- EXERCISE DIRECTIONS
Scan the lines below for "Online" and copy the matches.

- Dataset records
►

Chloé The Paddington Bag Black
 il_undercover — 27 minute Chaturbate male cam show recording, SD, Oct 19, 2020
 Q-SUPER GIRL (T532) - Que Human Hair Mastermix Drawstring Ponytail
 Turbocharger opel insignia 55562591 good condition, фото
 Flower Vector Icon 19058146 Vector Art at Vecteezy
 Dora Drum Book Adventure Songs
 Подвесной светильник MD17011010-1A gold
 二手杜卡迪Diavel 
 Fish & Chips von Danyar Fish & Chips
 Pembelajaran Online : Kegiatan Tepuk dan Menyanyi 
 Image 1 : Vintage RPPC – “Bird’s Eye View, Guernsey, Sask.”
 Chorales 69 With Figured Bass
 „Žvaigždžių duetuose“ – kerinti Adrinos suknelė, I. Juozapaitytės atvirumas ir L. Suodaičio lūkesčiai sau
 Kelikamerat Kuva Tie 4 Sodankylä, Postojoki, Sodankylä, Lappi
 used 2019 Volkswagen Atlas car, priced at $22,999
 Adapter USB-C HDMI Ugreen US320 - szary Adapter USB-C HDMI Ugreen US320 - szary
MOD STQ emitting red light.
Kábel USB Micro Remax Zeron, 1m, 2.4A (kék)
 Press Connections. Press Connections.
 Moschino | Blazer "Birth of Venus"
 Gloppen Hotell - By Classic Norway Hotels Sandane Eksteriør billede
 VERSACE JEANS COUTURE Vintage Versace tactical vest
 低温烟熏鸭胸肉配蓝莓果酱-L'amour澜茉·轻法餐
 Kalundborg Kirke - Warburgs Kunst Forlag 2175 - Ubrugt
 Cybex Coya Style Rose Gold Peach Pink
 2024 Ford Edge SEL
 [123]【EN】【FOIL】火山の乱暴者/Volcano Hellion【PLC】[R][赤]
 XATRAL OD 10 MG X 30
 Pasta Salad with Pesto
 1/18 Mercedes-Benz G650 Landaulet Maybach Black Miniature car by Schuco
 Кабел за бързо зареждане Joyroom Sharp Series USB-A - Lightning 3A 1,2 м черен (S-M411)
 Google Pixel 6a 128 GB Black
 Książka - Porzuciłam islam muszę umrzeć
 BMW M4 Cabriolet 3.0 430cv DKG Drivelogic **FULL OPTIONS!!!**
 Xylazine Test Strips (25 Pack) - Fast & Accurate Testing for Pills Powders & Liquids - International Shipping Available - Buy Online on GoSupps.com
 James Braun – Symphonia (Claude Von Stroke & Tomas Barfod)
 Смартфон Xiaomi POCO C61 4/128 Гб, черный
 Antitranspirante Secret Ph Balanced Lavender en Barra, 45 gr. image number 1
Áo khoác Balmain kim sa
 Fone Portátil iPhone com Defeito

◄

- RESPONSE TO THIS TASK
 Pembelajaran Online : Kegiatan Tepuk dan Menyanyi 
 Xylazine Test Strips (25 Pack) - Fast & Accurate Testing for Pills Powders & Liquids - International Shipping Available - Buy Online on GoSupps.com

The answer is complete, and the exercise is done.